## DATA SECTION:

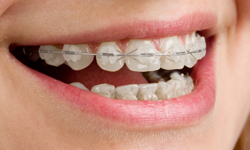 Get the Best Ceramic Braces Services in Greater Boston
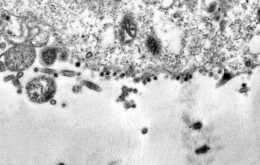 Cientistas dizem ter encontrado células humanas mais vulneráveis ao novo coronavírus
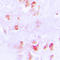 Creatine Kinase, M-Type antibody, LS-C352028, Lifespan Biosciences, Immunohistochemistry paraffin image 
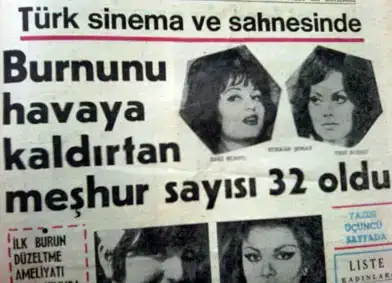 $eski_estetik_burun_buyuk[1].webp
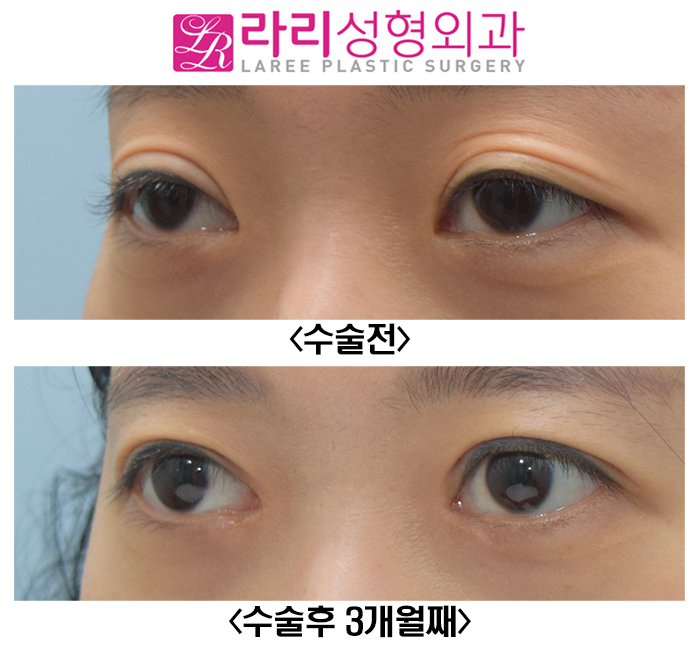 [Rari Plastic Surgery] Reoperation for a Loosened Double Eyelid, with Ptosis Correction image 2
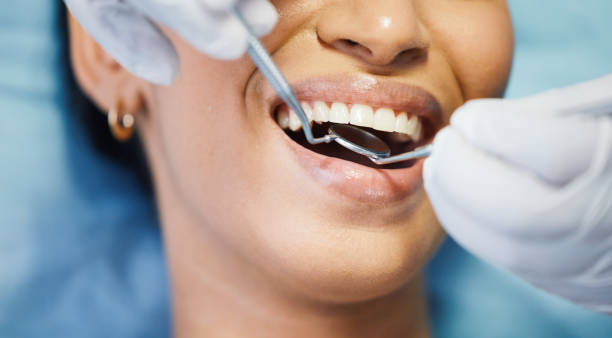 Best Emergency Dentist for Lost Fillings or Crowns in Kane, PA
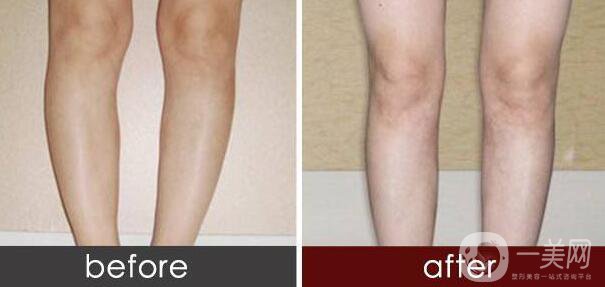 北京華意李沁奕做O型腿矯正怎么樣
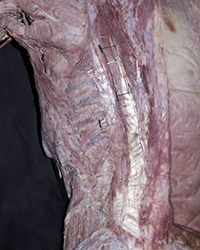 Erector Spinae Muscles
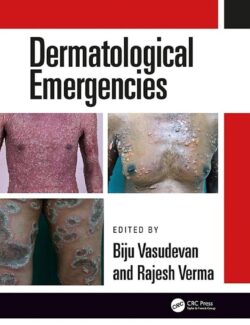 Dermatological Emergencies – Rajesh Verma, Biju Vasudevan – 1st Edition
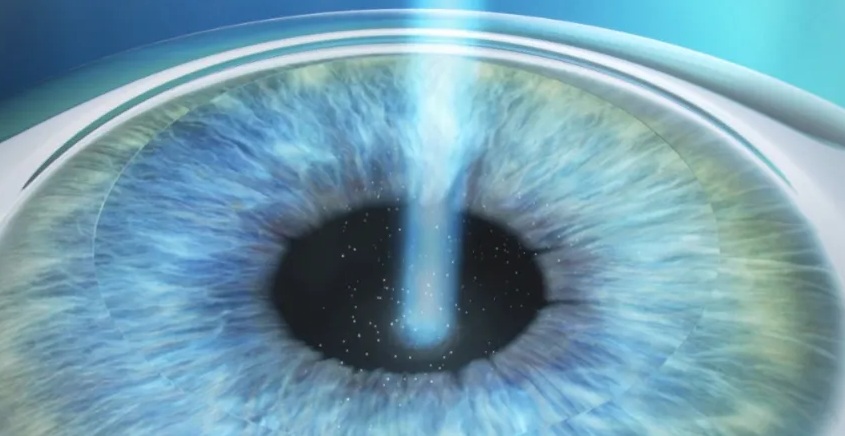 라섹수술회복기간을 이해하기 위한 수술과정 설명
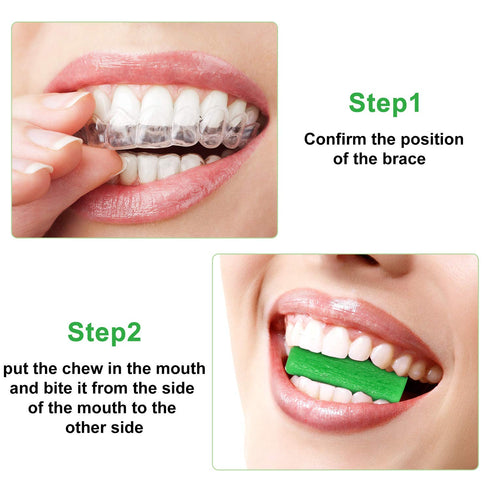 10 Pieces Aligner for Aligner Chompers Aligner Trays Seater Orthodontic Dental aligner(Green)...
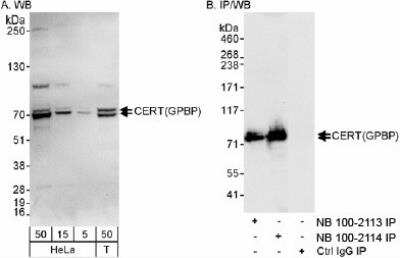 Western Blot: COL4A3BP Antibody [NB100-2114]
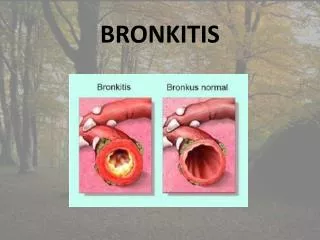 Bronkhitis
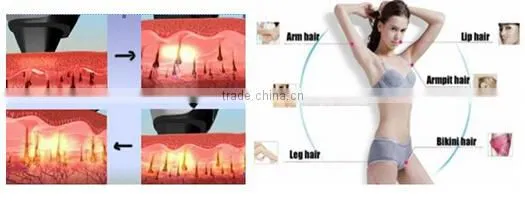 promotion shr hair removal hair removal ipl machine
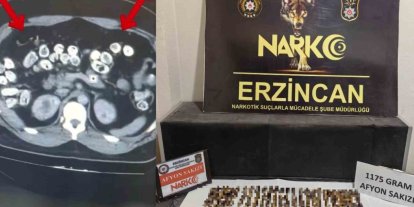 Erzincan’da uyuşturucuyu vücutlarında taşıyan 3 şüpheli yakalandı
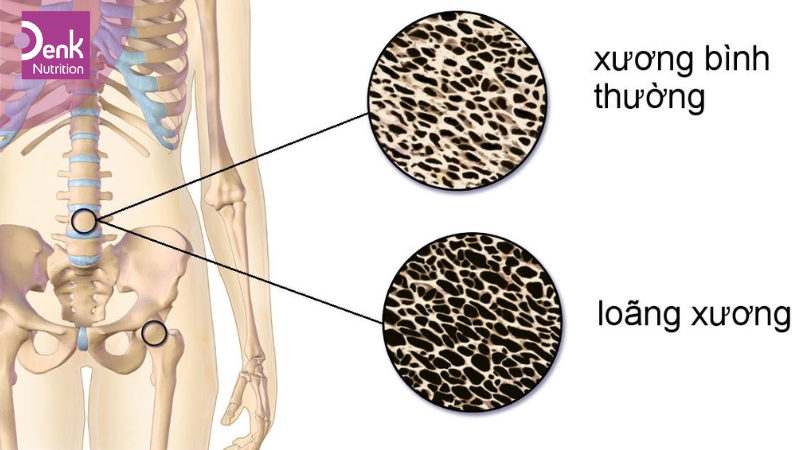 Giảm nguy cơ loãng xương khi mang thai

## TASK DETAILS:
Starting at the line that holds "Dermatological Emergencies –", reproduce each line through the last one of the listing, and nothing more; the pictures stay out.

## REPLY TO THE EXERCISE:
 Dermatological Emergencies – Rajesh Verma, Biju Vasudevan – 1st Edition
 라섹수술회복기간을 이해하기 위한 수술과정 설명
 10 Pieces Aligner for Aligner Chompers Aligner Trays Seater Orthodontic Dental aligner(Green)...
 Western Blot: COL4A3BP Antibody [NB100-2114]
 Bronkhitis
 promotion shr hair removal hair removal ipl machine
 Erzincan’da uyuşturucuyu vücutlarında taşıyan 3 şüpheli yakalandı
 Giảm nguy cơ loãng xương khi mang thai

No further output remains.